The EC’s impact assessment highlighted three main issues with existing data protection provision. First, citizens’ private life when communicating online is not sufficiently and effectively protected. Second, citizens are not effectively protected against unsolicited marketing. And third, businesses face obstacles created by fragmented legislation and differing legal interpretations across Member States, as well as unclear and outdated provisions.


Given the extent of the attention paid to the GDPR over the past few years, companies and citizens across Europe can be forgiven for a certain degree of ignorance as to the arrival of its legislative twin: the ePR.

“In the UK, for example, there is still relatively poor awareness of the ePR,” says Rafael Bloom, information governance adviser at Salvatore Ltd. “Some organisations have taken a piecemeal approach to adjusting operations in light of new pieces of data-centric legislation, meaning that there is no overarching programme of change. Instead, we observe that the GDPR, in dominating this conversation for the last 30 months, has exhausted many people’s tolerance for the subject of personal data privacy.

While noting the EU’s declaration that the ePR and the GDPR are complementary pieces of legislation, many observers remain unclear as to how to distinguish them.

“Therefore, there is a lack of appetite for what many would interpret as a repetition of the GDPR exercise,” he continues. “On the other hand, it must also be stated that the organisations that have taken a wider, governance-based approach, are simply waiting until the detail of the ePR becomes clear.”

Distinguishing features

While noting the EU’s declaration that the ePR and the GDPR are complementary pieces of legislation, many observers remain unclear as to how to distinguish them.

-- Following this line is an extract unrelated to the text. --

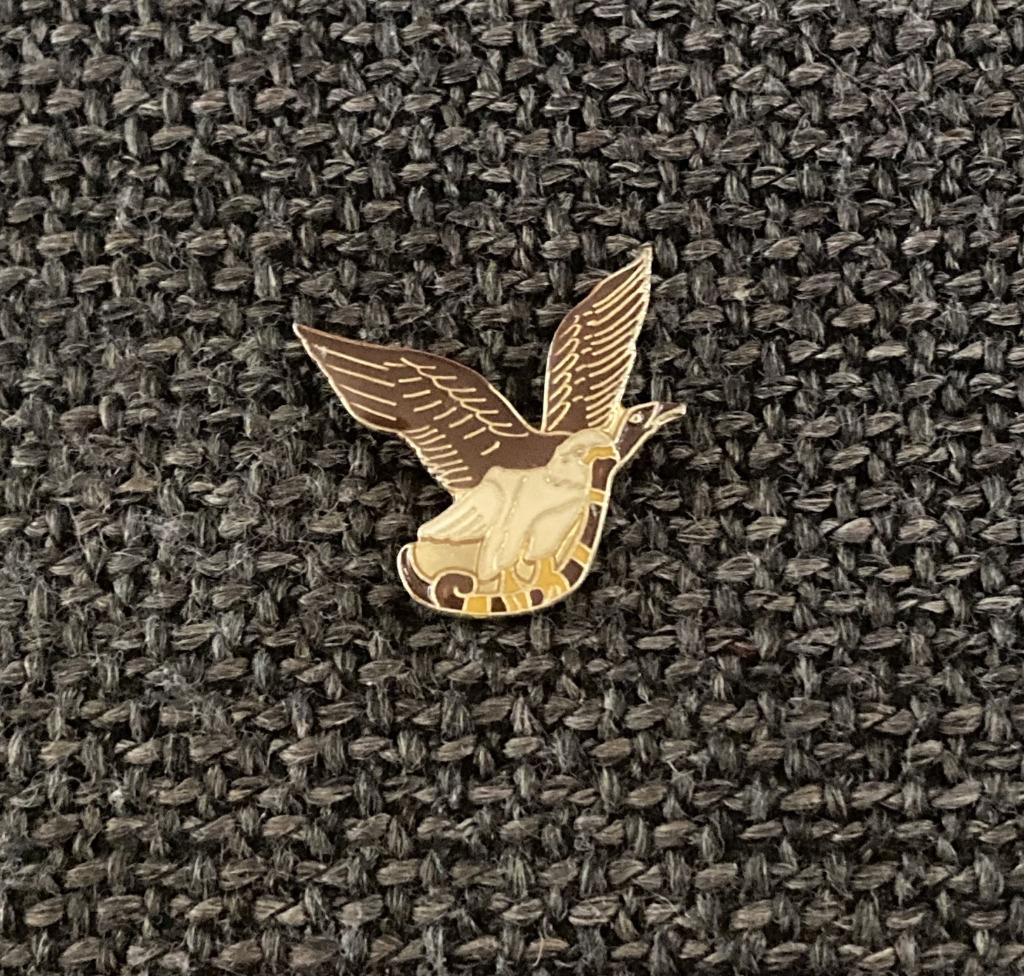 PIN - ROOFVOGEL - BIRD OF PREY - VOGEL - OISEAU DE PROIE, Envoi, Utilisé, Animal et Nature, Insigne ou Pin's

“Machine-to-machine (M2M) communications are a key aspect of the new ePR, along with a more up-to-date understanding of how the connected age really functions,” suggests Mr Bloom. “With the GDPR, the overlap is potentially confusing. I rely on the broader principle of lex generalis v lex specialis to help pick them apart, with the GDPR setting out general principles and obligations for data protection – mostly in reference to ‘data at rest’ – and the ePR being focused on communications channels, including the new platforms for communication that simply did not exist at the time the existing ePrivacy law was drafted; in other words, ‘data in transit’.”


Although a firm date for its arrival is yet to be announced, there is room to speculate as to the yardstick by which the effectiveness, or otherwise, of the ePR should be measured.

“The purpose of such legislation is manifold, but it is clear that the EU’s intentions centre around citizens’ rights and freedoms, preventing harm and possible discrimination based on data held and protecting institutions from malicious attack,” believes Mr Bloom. “There are serious systemic risks to Member States – with infrastructure, institutions and individual citizens at risk – and both the ePR and the GDPR are designed to lift the general level of digital maturity, so as to protect us from harm.

“The yardstick will therefore be whether or not these laws actually do result in a collective elevation of standards, awareness and proactivity around the security and privacy of personal data,” he continues. “The idea of a company losing business because it cannot be trusted to hold people’s data properly is now very much a reality.”

For now, companies and citizens of Europe, or, more accurately, those that are aware of the ePR’s existence, await its emergence with a mixture of interest and indifference.